5 files changed, 296 insertions, 21 deletions
diff --git a/gcc/ChangeLog b/gcc/ChangeLog
index ff54c46..d748be2 100644
--- a/gcc/ChangeLog
+++ b/gcc/ChangeLog
@@ -1,3 +1,20 @@
+2007-09-09  Jan Hubicka  <jh@suse.cz>
+            Dwarakanath Rajagopal <dwarak.rajagopal@amd.com>
+
+	* i386.h (ix86_tune_indices): Add X86_USE_VECTOR_CONVERTS.
+	(TARGET_USE_VECTOR_CONVERTS): New.
+	* i386.md: New post-reload splitters for converting SF to DF and DF to
+	SF.
+	(floatsi* expander): Special case vector conversions.
+	(floatsisf2_mixed_vector, floatsisf2_sse_vector_nointernunit,
+	floatsisf2_sse_vector_internunit, floatsisf2_sse_vector,
+	floatsidf2_mixed_vector, floatsidf2_sse_vector): New.

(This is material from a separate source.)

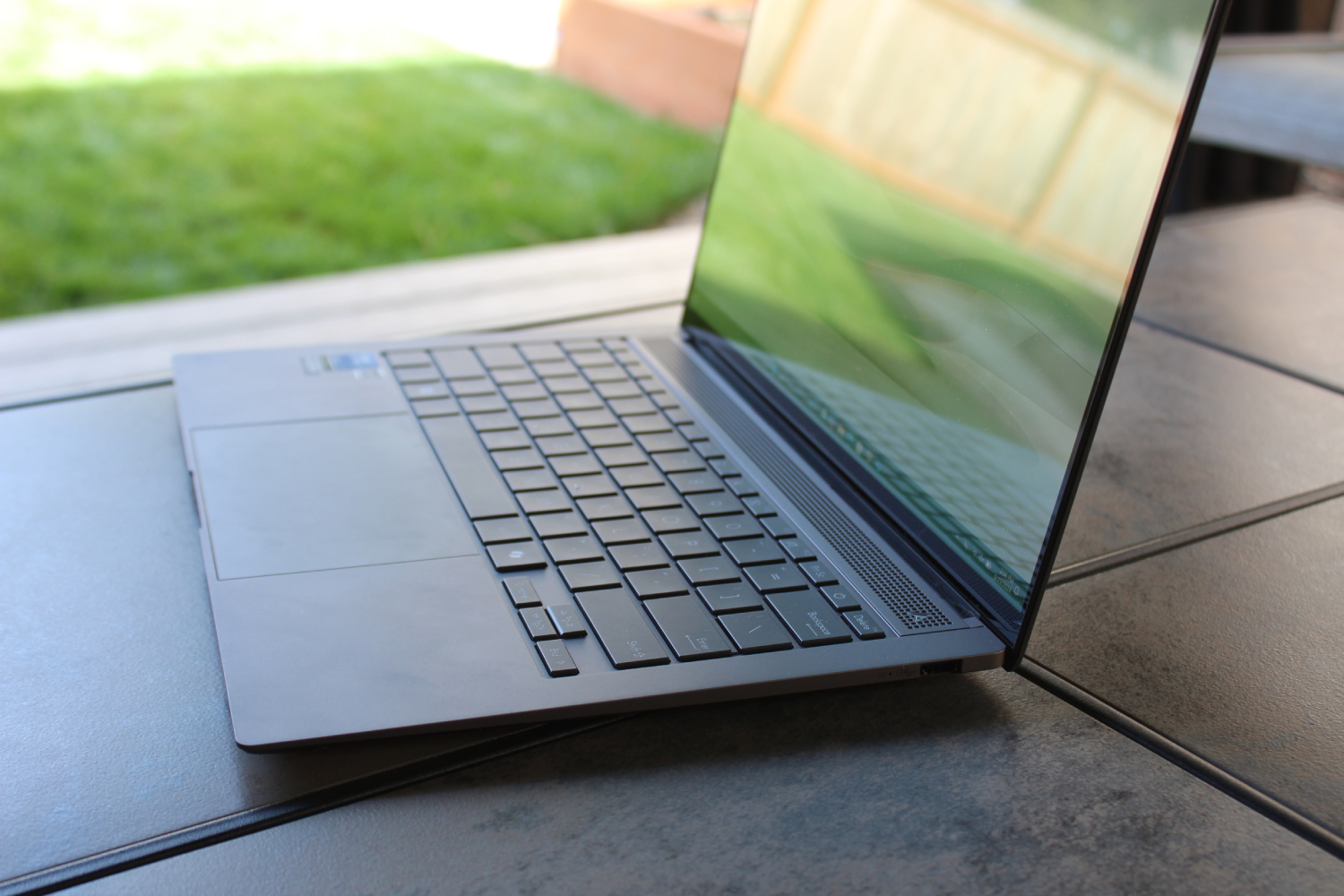 Asus Zenbook S 14 review: Core Ultra Series 2 makes its debut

+	(floatsisf2_mixed, floatsisf2_sse, floatsidf2_mixed, floatsidf2_sse):
+	Disable when doing vector converts.
+	(floatsi<mode>2_i387): Disable when
+	* sse.md (vec_dupv2df): Export.
+	* i386.c (ix86_tune_features): Enable SSE conversions.
+
 2007-09-09  Richard Guenther  <rguenther@suse.de>
 
 	* tree-ssa-operands.c (add_virtual_operand): Only mark
diff --git a/gcc/config/i386/i386.c b/gcc/config/i386/i386.c
index f6f80a0..c01198b 100644
--- a/gcc/config/i386/i386.c
+++ b/gcc/config/i386/i386.c
@@ -1258,6 +1258,10 @@ unsigned int ix86_tune_features[X86_TUNE_LAST] = {
      operand that cannot be represented using a modRM byte.  The XOR
      replacement is long decoded, so this split helps here as well.  */
   m_K6,
+
+  /* X86_USE_VECTOR_CONVERTS: Preffer vector packed SSE conversion from
+  integer to FP. */
+  m_AMDFAM10,
 };
 
 /* Feature tests against the various architecture variations.  */
diff --git a/gcc/config/i386/i386.h b/gcc/config/i386/i386.h
index 93e24dd..06e90f4 100644
--- a/gcc/config/i386/i386.h
+++ b/gcc/config/i386/i386.h
@@ -257,6 +257,7 @@ enum ix86_tune_indices {
   X86_TUNE_MOVE_M1_VIA_OR,
   X86_TUNE_NOT_UNPAIRABLE,
   X86_TUNE_NOT_VECTORMODE,
+  X86_USE_VECTOR_CONVERTS,
 
   X86_TUNE_LAST
 };
@@ -337,6 +338,7 @@ extern unsigned int ix86_tune_features[X86_TUNE_LAST];
 #define	TARGET_MOVE_M1_VIA_OR	ix86_tune_features[X86_TUNE_MOVE_M1_VIA_OR]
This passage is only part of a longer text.